The NMML Osteological Collection also houses vast numbers of marine mammal teeth. The largest collections are from northern fur seals taken during commercial and subsistence harvests on the Pribilof Islands, Steller sea lions taken incidentally in Alaska fisheries, and sperm whales collected from Pacific Coast whaling stations in the 1950s and 1960s. The majority of these teeth were initially collected for ageing studies, but in recent years, many have been used in stable isotope, nursing, and growth layer/growth index studies.

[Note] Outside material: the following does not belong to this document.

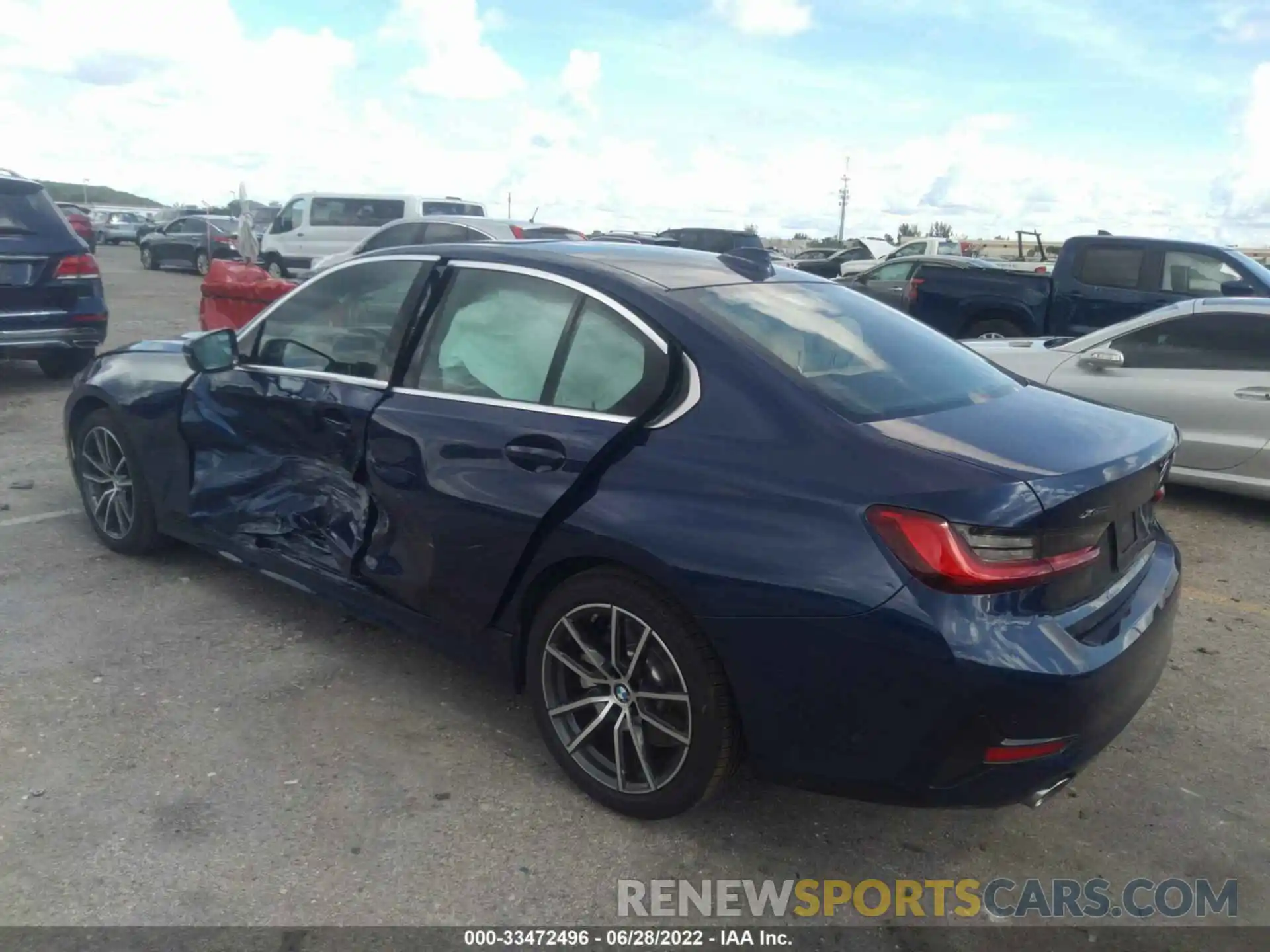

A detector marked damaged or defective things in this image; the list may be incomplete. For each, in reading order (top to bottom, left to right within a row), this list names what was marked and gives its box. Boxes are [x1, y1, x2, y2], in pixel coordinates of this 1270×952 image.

Several species of cetaceans and pinnipeds are represented in the NMML Osteological Collection by particularly large series of specimens that, like the teeth collections, continue to be used today. Southwest Fisheries Science Center biologists, along with marine mammalogists from the University of California, Texas A&M University, and Purdue University have used the NMML bone collection in recent years. Archeologists looking at midden material from Alaska to Mexico are also regular visitors to the collection. The NMML bone collection is also an important part of the AFSC Outreach Program’s curriculum. Approximately twice a month, Outreach Program members conduct interpretive tours of the bone collection for students and teachers from local elementary schools, middle schools, and high schools.

The NMML Food Habits and Marine Mammal Osteological reference collections are irreplaceable assets used by NMML and the larger scientific community to further their understanding of marine mammal biology. The value of these collections for future research will only increase as global climate change continues to impact marine communities around the world.